Chancellor Daniel W. Pullin announced the institute at TCU’s inaugural Global Human Performance Forum, which convened researchers, industry leaders and practitioners to discuss the future of human performance research. The institute will serve as a hub for research, technology development and cross-disciplinary collaboration aimed at helping people perform safely and effectively in demanding settings.
The institute is built around Athlete Engineering, a discipline founded by Reuben F. Burch V, TCU’s vice provost for research. The field holds that performance is shaped less by the individual than by the surrounding system, including the interaction of people, technology, environments, teams and systems. It applies to traditional athletes as well as “tactical athletes” such as military personnel and first responders and “industrial athletes” in fields such as manufacturing, construction, transportation and logistics. Insights developed in one area can improve outcomes in another.
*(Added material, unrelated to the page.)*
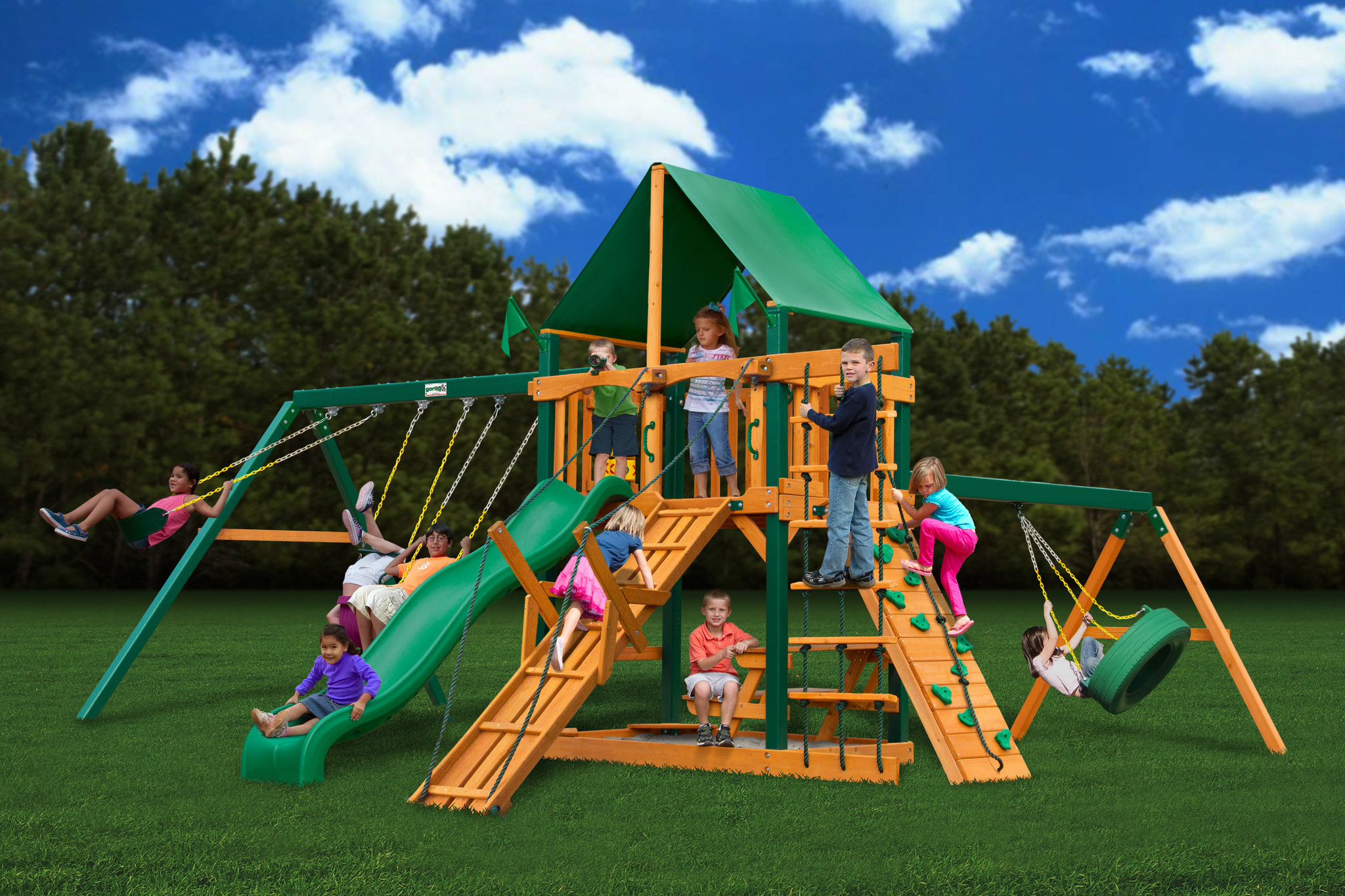 Swing Sets For Kids
 Decorating Awesome Gorilla Swing Sets For Kids Play Yard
“Most universities have athletics, and many universities have research, but few intentionally bring those worlds together,” Burch said. “We view athletes as people first and believe the lessons we learn through research can improve lives far beyond the playing field.”
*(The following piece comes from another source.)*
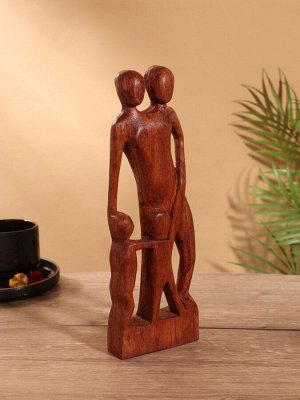 Сувенир «Семья», 11x4x31 см, дерево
Burch developed Athlete Engineering over more than a decade at Mississippi State University before joining TCU in 2025. University leaders said TCU’s combination of major athletics programs, a growing research enterprise and a location in a top sports market position it to become the national home for the field.
The Roach Foundation’s gift will support research, faculty recruitment, student opportunities and industry partnerships, and advances the interdisciplinary research goals of TCU’s LEAD ON: Values in Action strategic plan and the university’s effort to reach Carnegie Research 1 status by 2035. Pullin said the institute extends recent TCU investments in student health and wellness, including donor-funded strength and recovery facilities, and will “study, scale and replicate elite performance.”
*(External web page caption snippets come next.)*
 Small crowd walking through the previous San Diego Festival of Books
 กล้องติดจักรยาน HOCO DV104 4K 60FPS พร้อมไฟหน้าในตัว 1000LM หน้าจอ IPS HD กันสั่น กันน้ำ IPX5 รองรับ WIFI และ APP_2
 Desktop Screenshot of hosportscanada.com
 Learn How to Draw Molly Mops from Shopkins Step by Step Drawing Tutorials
The gift continues a relationship between the Roach family and TCU that spans more than six decades.
“Above all, the new institute will enrich the student experience at TCU with more opportunities for meaningful applied research and discovery in a field that expands the boundaries of human performance,” said Amy Roach Bailey ’89, a TCU trustee and chair of the board’s Academic Affairs Committee.
The institute will be directed by Jim Weinstein, Ph.D., RD, CSSD, FAND, a nutrition scientist and board-certified sports dietitian who retired as a colonel after a 28-year Air Force career and most recently served as deputy director of Athlete Engineering at Mississippi State. His leadership team includes associate director Zachary M. Gillen, an associate professor of kinesiology; chief athlete liaison Spencer Tatum; performance science lead Michael Mydlo; and engineering research lead Anna Grace Dill.
Provost Floyd L. Wormley Jr. called the institute “another giant step forward for TCU,” one that pairs faculty research with practical application and works alongside the university’s broader research initiatives to benefit students and industry partners.